Cerberus Capital Management LP, owner of 32.4 percent of Seibu Holdings Inc., is willing to wait as long as three years for the relisting of the Japanese rail and hotel operator.
The private-equity firm wants to increase its stake and appoint three new directors before selling shares to the public in two or three years, said Masakazu Iwakura, a lawyer for Nishimura & Asahi who is advising the New York-based company. Seibu said it is preparing for a listing as soon as possible.
Cerberus, which oversees more than $20 billion, is offering to raise its stake to as much as 36.4 percent after leading a bailout of the company with Nikko Principal Investments Japan Ltd. in 2005. A third-party panel set up by Seibu is scheduled to make a decision on the listing today.
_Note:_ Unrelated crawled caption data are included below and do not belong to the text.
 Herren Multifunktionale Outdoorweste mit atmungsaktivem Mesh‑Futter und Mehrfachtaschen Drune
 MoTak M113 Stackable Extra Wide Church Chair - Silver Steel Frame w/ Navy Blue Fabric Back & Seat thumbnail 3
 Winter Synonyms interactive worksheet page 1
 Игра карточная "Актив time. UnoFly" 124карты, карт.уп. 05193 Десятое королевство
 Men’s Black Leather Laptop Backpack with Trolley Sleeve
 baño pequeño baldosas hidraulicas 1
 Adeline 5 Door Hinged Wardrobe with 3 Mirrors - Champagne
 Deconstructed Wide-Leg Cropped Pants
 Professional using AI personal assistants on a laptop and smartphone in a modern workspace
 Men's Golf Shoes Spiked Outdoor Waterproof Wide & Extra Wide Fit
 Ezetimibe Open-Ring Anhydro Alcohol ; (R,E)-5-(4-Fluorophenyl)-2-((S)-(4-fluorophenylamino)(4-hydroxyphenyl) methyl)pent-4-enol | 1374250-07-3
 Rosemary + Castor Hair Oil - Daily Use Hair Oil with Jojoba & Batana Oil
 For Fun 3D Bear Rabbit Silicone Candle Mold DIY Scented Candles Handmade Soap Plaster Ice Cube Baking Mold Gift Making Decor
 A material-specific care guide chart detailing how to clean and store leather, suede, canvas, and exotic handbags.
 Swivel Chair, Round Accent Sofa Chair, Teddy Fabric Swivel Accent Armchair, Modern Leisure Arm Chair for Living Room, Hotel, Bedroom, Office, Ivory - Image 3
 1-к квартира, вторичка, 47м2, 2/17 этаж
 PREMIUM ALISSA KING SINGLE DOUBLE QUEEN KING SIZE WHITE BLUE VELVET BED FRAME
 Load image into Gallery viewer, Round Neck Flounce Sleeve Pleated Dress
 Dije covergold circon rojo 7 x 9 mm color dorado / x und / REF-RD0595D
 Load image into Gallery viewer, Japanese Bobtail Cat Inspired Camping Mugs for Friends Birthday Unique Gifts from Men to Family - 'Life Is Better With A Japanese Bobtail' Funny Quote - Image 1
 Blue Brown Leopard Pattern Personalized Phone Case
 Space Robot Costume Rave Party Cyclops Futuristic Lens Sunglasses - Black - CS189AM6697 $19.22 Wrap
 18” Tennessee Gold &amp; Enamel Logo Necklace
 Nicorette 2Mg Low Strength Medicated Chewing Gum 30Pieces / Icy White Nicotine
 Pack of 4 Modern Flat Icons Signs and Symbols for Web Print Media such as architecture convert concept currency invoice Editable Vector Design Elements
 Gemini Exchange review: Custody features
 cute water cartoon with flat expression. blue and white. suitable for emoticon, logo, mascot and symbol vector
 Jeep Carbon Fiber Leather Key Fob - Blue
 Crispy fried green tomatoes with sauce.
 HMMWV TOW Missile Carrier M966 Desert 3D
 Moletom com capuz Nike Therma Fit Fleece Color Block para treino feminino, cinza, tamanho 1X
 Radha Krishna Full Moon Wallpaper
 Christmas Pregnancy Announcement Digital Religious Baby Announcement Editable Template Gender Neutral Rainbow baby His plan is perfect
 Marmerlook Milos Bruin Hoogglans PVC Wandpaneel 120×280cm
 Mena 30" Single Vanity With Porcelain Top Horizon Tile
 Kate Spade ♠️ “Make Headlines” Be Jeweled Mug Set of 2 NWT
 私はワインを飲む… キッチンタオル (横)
“Cerberus wants to improve corporate value through the addition of the new board members it is proposing,” Iwakura said. “It may take two to three years.”
The Tokorozawa city, Japan-based rail operator had been delisted from the Tokyo stock exchange in 2004 after misstating stakes held by shareholders, breaking exchange rules.
“We are putting priority on preparing ourselves for a listing as soon as possible,” Shuhei Akasaka, a spokesman for Seibu, said today.
The rail operator is predicting net income will more than double to as much as 19.7 billion yen ($209 million) in the year ending this month, compared with 8.4 billion yen last fiscal year. It last year hired five banks for a proposed initial public offering.
Cerberus is proposing Hirofumi Gomi, a former commissioner of Japan’s Financial Services Agency; Masaharu Ikuta, former president of Japan Post, and Yuji Shirakawa, former chairman of Citigroup Global Markets Japan, to join Seibu’s board of directors.
Cerberus plans to raise voting rights in Seibu to as much as 36.4 percent from 32.4 percent through an offer to buy outstanding shares at 1,400 yen each, it said earlier this month.
“We’ve been friendly in our approach to Seibu, that’s Cerberus’s basic policy,” said Iwakura. “Whatever they said we’ve been cooperative.”
Seibu was the seventh-largest railway operator in the Tokyo area by ticket sales, according to figures from East Japan Railway Co., the nation’s largest rail operator. It had 93.7 billion yen of ticket sales in the fiscal year ended March 2011, according to JR East. The company’s operations also include hotels, golf resorts and buses.
Seibu was previously run by Yoshiaki Tsutsumi. He amassed a $16 billion personal fortune while at its helm, making him the world’s richest man in 1990, according to Forbes magazine.